Hi there
Announcing node-red-contrib-waveshare-shield-adda-11010 which provides working nodes for every pin on this Raspberry Pi shield. The shield has a nice 24 bit AD converter with a 1% accurate VRef chip accepting 0 to 5 volts on 8 channels. The shield also has a nice 16 bit DA converter with two output channels and jumper selectable 3.3V or 5V VRef. The AD converter provides 4 additional GPIO generic digital input and output ports, and the shield passes thru 4 RasPi provided GPIO ports. The board also has some on-board IO hardware for free such as a light sensor, a little potentiometer, and two LEDs. Do note this is a "scada-lite" type AD/DA system, so a 23-bit precision AD conversion takes a bit over one second, this is not hardware for sampling hifi microphone audio LOL.
Its a fun little board to interface with the real world and at least the hardware and my software on my desk work perfectly.
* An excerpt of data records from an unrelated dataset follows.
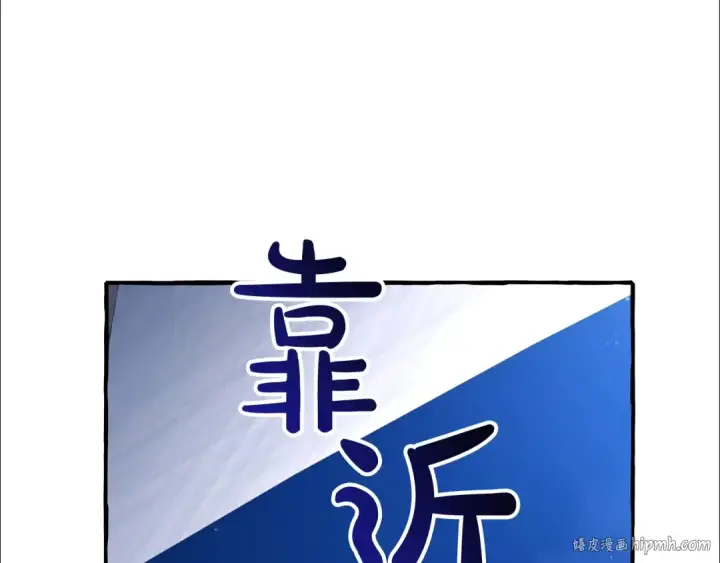 《成为伯爵家的废物》第94话 危机感图24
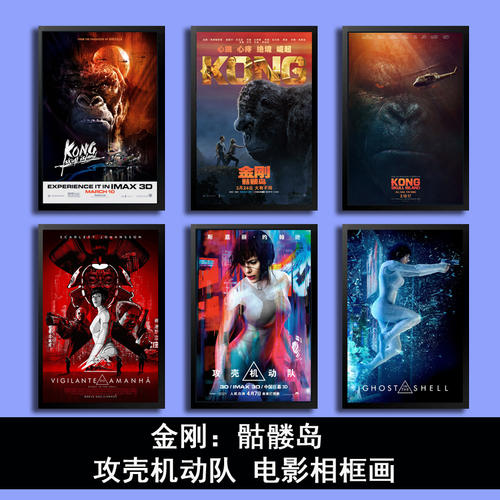 金沢大学成绩单
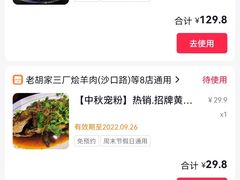 -三厂烩羊肉(五龙口店)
Everything is reasonably well documented and predictable. So, for example, silk screen label D3 on the shield shows up in Node-RED as "D3" for input and output work.
I do have some architectural questions. I got everything to work perfectly but I don't know if I did it the "right" way.
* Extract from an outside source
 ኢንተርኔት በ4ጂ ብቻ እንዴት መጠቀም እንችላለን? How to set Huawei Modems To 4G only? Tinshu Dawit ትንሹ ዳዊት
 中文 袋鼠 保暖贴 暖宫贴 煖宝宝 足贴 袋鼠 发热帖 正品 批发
How to handle polling a non-interrupt driven input? I set my nodes up as a filter and any input to the node sets the pin to input mode, reads it, and outputs whatever it read. There is no interrupt facility at the hardware level to "know" if expanded GPIO port D2 changed from 1 to 0 or vice versa.
What's an example of a node that handles python the most right way? The architecture of how I set up the nodes was to ... do everything in Python and the javascript is mostly a wrapper. Note that the hardware is very raspberry pi specific so there is little point in supporting 32-bit intel linux when the hardware will never connect to anything but a raspbian running pi. I know my bodge effort works; and it works very well; I'm just curious whats the "right" way to do it?